=== Stored data ===
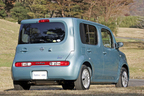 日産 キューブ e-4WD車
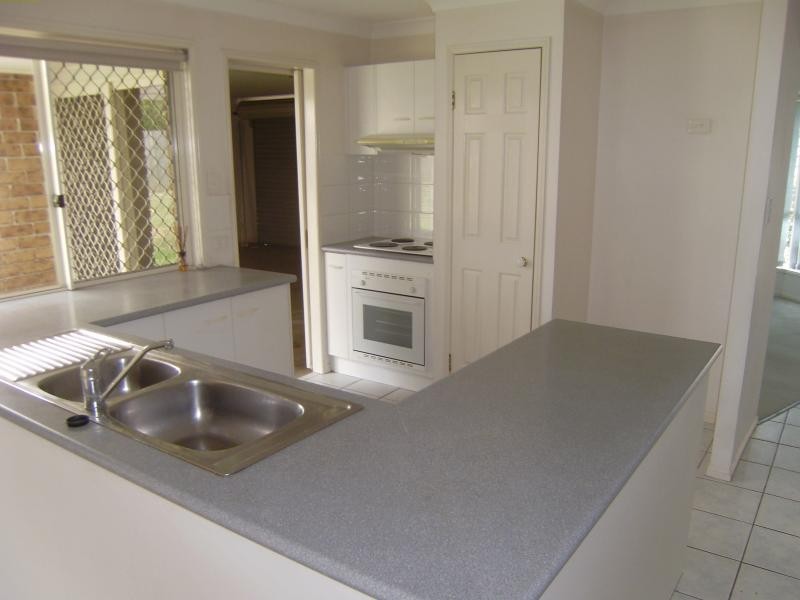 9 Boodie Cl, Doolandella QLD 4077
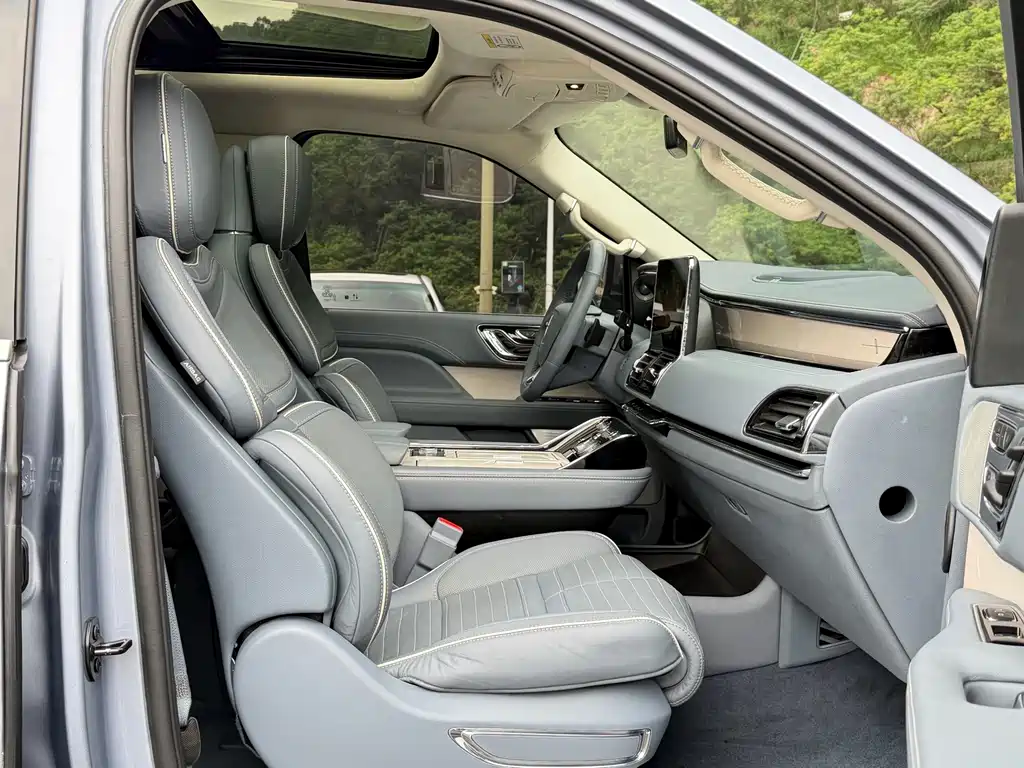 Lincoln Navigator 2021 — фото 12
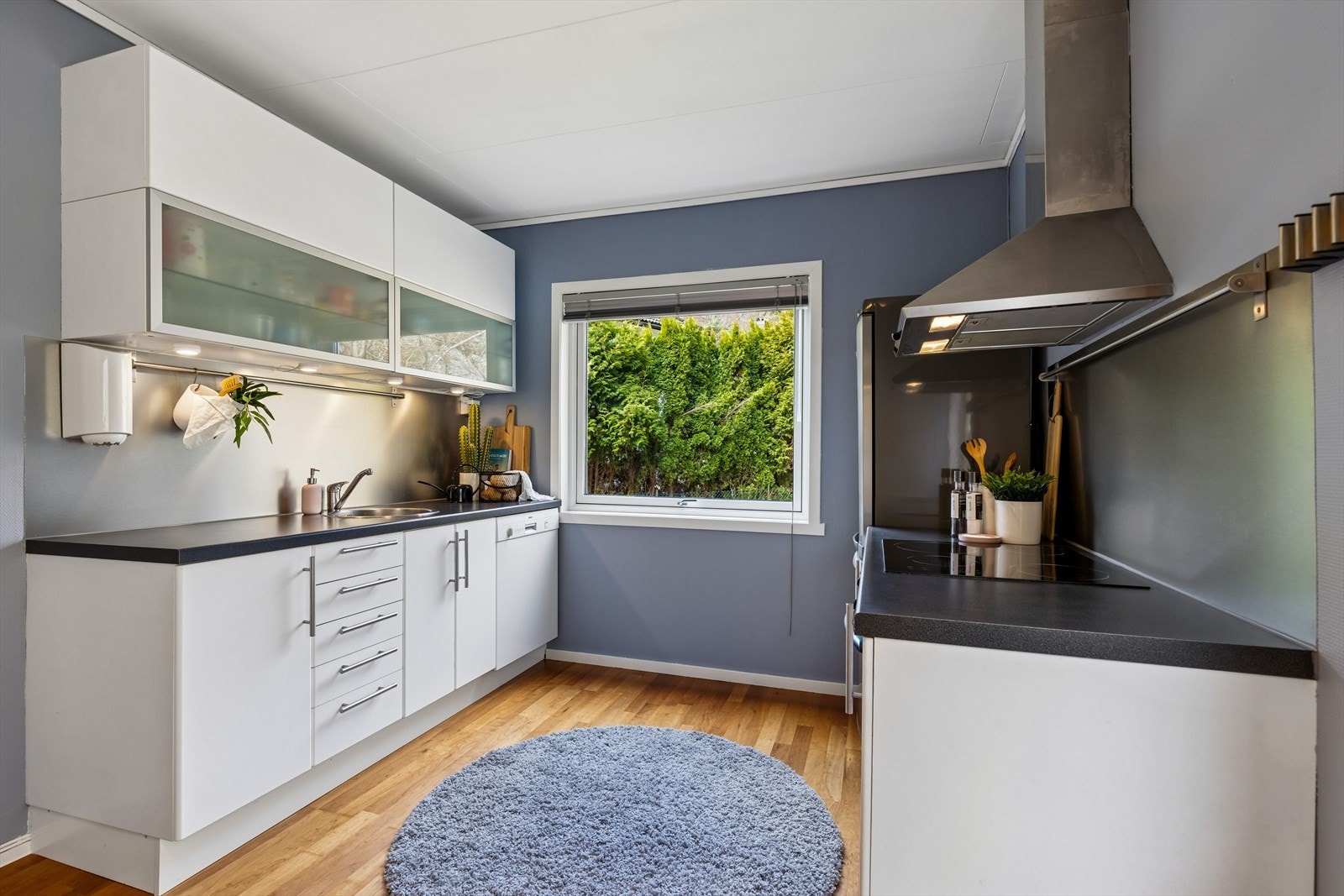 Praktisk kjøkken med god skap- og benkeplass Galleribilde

=== About this exercise ===
Only the pictures may be dropped when you copy the data above; everything else stays exact.

=== Result of this exercise ===
 日産 キューブ e-4WD車
 9 Boodie Cl, Doolandella QLD 4077
 Lincoln Navigator 2021 — фото 12
 Praktisk kjøkken med god skap- og benkeplass Galleribilde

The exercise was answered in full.